Zum Wischen eignet sich ein Breitwischgerät am besten.

 

Perfekt aufgemöbelt

Ist die Grundsauberkeit wiederhergestellt, werden fürs perfekte Finish noch die Möbel unter die Lupe genommen. Flecken auf der Couch oder am Holzschrank? Auch dafür gibt’s ein paar Tricks, die deine Möbel wieder fast wie neu aussehen lassen.

Flecken auf Polstermöbeln aus Stoff kannst du zum Beispiel mit Natron behandeln. Aber Vorsicht: Wenn der Stoff nicht farbecht ist, solltest du die Prozedur vorher lieber an einer unauffälligen Stelle testen.
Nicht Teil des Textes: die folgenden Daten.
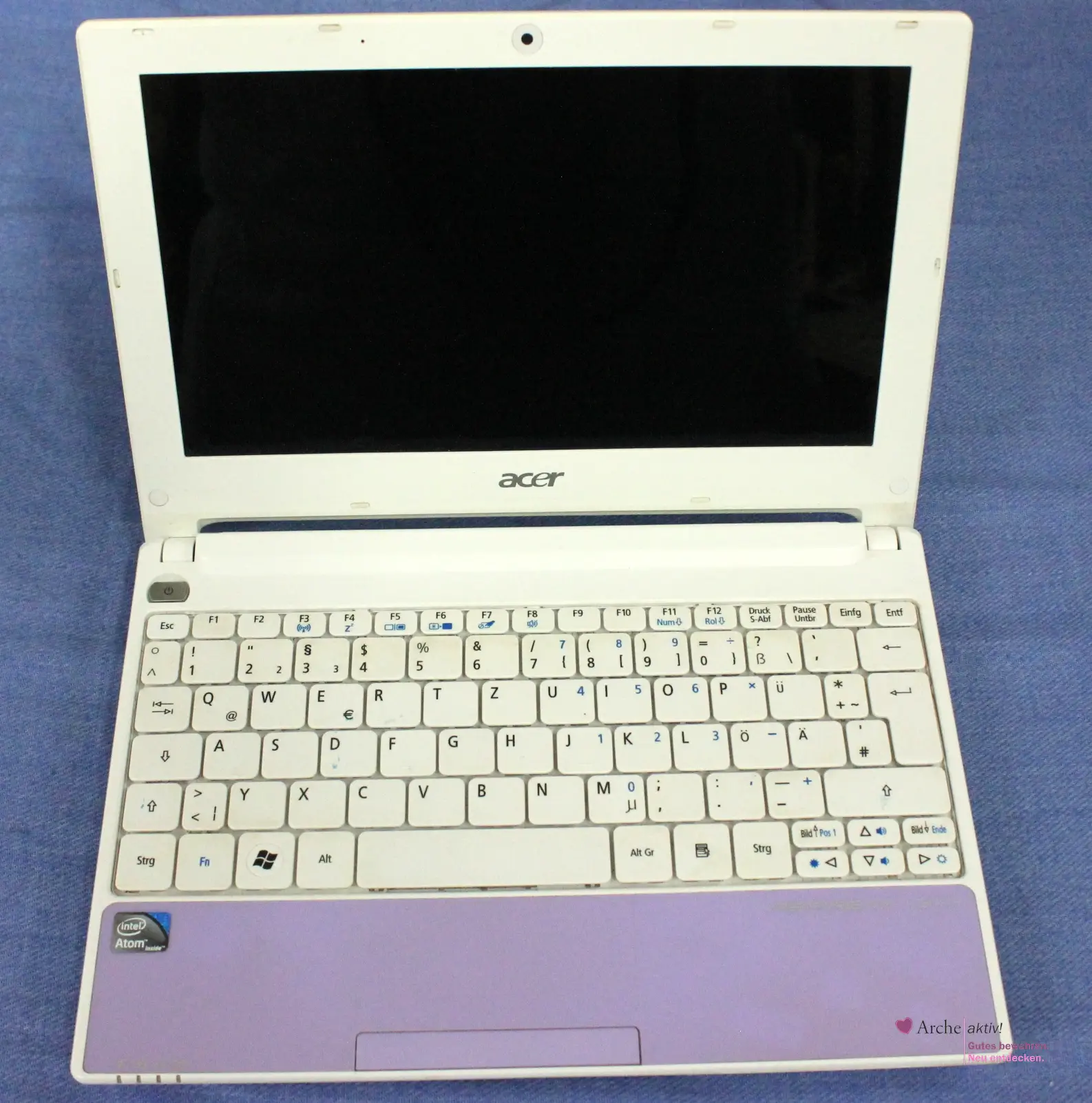 Acer Aspire One Happy Laptop ohne Netzteil, gebraucht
Denn Natron wirkt leicht bleichend. Feuchte dafür einen herkömmlichen Putzschwamm an und streue das Natron darauf. Damit den Fleck vorsichtig einreiben, trocknen lassen und am Ende nur absaugen.

Bei Möbeln aus Massivholz hilft eine Mischung aus Wasser und Neutralseife. Mit einem weichen Schwamm kannst du die entsprechenden Stellen damit vorsichtig reinigen. Danach die Seife abwischen und das Holz mit einem Tuch trocken reiben. Bei Möbeln mit Furnier ist von dieser Methode allerdings abzuraten. Denn zu viel Wasser und Seife schaden der dünnen Holzschicht, sie quillt auf und kann sich ablösen. Deshalb hier am besten mit einem Bauwolltuch und möglichst wenig Feuchtigkeit arbeiten.

Einfach hast du es bei Möbeln mit Holzdekor wie du sie in den Produktlinien von Rauch findest. Sie sind langlebig und pflegeleicht zugleich. Hier brauchst du nichts weiter als ein sauberes, weiches Baumwolltuch, das du leicht anfeuchtest. Damit lassen sich die Oberflächen optimal pflegen und reinigen. Du brauchst also weder besondere Reinigungsmittel noch spezielle Mikrofasertücher.

 

Auch Möbel mit Holzdekor lassen sich mit einfachen Mitteln wieder auf Vordermann bringen.

 

Von Wollmäusen sollte nun keine Spur mehr sein. Damit das hoffentlich auch lange so bleibt, noch ein kleiner Tipp zum Schluss: Regelmäßiges Lüften hilft dabei, dass sich Staubpartikel nicht so schnell wieder ansammeln. Und fürs Wohnklima ist es natürlich auch spitze. So lässt es sich nach getaner Arbeit doch am besten entspannen – und vielleicht gibt’s für den inneren Schweinehund fürs Mitmachen ja sogar noch ein Leckerli.

 

Das hast du dir verdient: Nach getaner Arbeit ist Entspannung angesagt.